Source: http://lgpatlaw.com/apple-v-samsung-the-future-of-design-patents/
Timestamp: 2018-01-22 23:33:23
Document Index: 707815484

Matched Legal Cases: ['§ 284', '§ 284', '§ 283', '§ 289', '§ 289', '§ 284', '§ 289', '§ 284', '§ 284', '§ 289', '§ 289', '§ 289', '§ 289', '§ 289']

Apple v. Samsung: The Future of Design Patents – LaRiviere, Grubman PC
As reported in CNET, “Samsung’s hopes of scuttling a massive fine on alleged patent infringement of Apple products have been dashed . . . The US Federal Circuit Court of Appeals decided on [August 13, 2015] that it would not grant Samsung’s request for a new trial on whether nearly two dozen of the company’s mobile devices infringed on Apple’s design patents.” It therefore appears that “Samsung must either dole out hundreds of millions of dollars in damages to Apple or attempt to have the US Supreme Court to hear the case.”

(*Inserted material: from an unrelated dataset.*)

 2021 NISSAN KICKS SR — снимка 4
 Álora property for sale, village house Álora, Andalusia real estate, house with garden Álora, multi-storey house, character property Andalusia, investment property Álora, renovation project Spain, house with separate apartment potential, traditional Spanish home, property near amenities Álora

“Apple won the trial in 2012, with the jury awarding it $1.05 billion in damages.” However, that figure was reduced to approximately $548 million after a series of hearings and appeals. According to the San Jose Mercury News, “Samsung had urged the Federal Circuit to rehear the case with its full 12-judge roster, arguing that a three-judge panel erred earlier this year when it left intact a jury’s verdict that the South Korean tech giant’s smartphones and tablets infringed on Apple’s design patents.” The CAFC, however, rejected Samsung’s appeal, and sustained the three-judge panel decision that held a jury could have reasonably relied on evidence in the record to reach its infringement verdict.
The future ramifications of Apple v. Samsung are going to be very interesting to watch assuming that the Supreme Court does hear and then overturn the jury verdict. For instance, Professor Jason Rantanen suggests that “high damages claims for design patent infringement are going to be much more credible in the wake of Apple v. Samsung” and could lead to an “explosion of design patent assertions and lawsuits.” In a follow-up to Professor Rantanen’s analysis, former 3M president Gary Griswold points out that “[d]esign patents are nearly ideal assertion vehicles given that they are inexpensive to obtain with no cost to maintain, are not published prior to grant, and have a full term of protection beginning with grant rather than filing.” Further, according to Glenna Gilbert of Larkin Hoffman, “[u]nlike holders of utility patents, owners of design patents have the option of choosing between two different statutes with respect to the recovery of damages for design patent infringement– 35 U.S.C. §§ 284 and 289.”
Gilbert writes, “Under § 284, design and utility patent holders alike can seek a reasonable royalty or the patent holder’s lost profits resulting from the alleged infringement [in addition to injunctive relief under § 283]. However, unlike a utility patentee, the owner of a design patent possesses an additional remedy under 35 U.S.C. § 289.” Under § 289, a design patent holder can, according to Gary Griswold, “recover total profits of the infringer as the measure of damages. This ‘total profits’ recovery was once available for utility patents, but long ago removed from the utility patent law.” On the other hand, says Gilbert, “[a] design patentee cannot however recover both damages under § 284 and the profits of the infringer under § 289.”
“There are tactical reasons for choosing to pursue one or the other method of recovery,” Gilbert continues. “For instance, treble damages are only available under § 284. And in some cases, a patentee’s lost profits under § 284 may be more than the infringer’s net profits under § 289. On the other hand, under § 289, in establishing the infringer’s net profits, a patent holder is not required to demonstrate that the profits are attributable to the ornamental qualities of the item in the design patent. Rather, a patent holder is entitled to the entire profit obtained by the infringer resulting from the sale of an item containing the infringing design (and in no event less than $250).”
On the whole, this case has now brought more of a focus on the full commercial ramifications of the § 289 “total profits” recovery. For example, Professor Rantanen speculates that “Under the court’s ruling, it would seem entirely possible, as a hypothetical example, for an automobile manufacturer to be liable for its entire profits from a particular car model if that model contained, say, an infringing tail light.” This type of result is plausible since the court in Apple v. Samsungin applying § 289 stated, in pertinent part, “…that an ‘infringer shall be liable to the owner to the extent of [the infringer’s] total profit’, Section 289 explicitly authorizes the award of the total profit from the article of manufacture bearing the patented design…” Accordingly, this decision highlights the potential value of design patents but also raises questions about the potential unfairness and inappropriate application of § 289.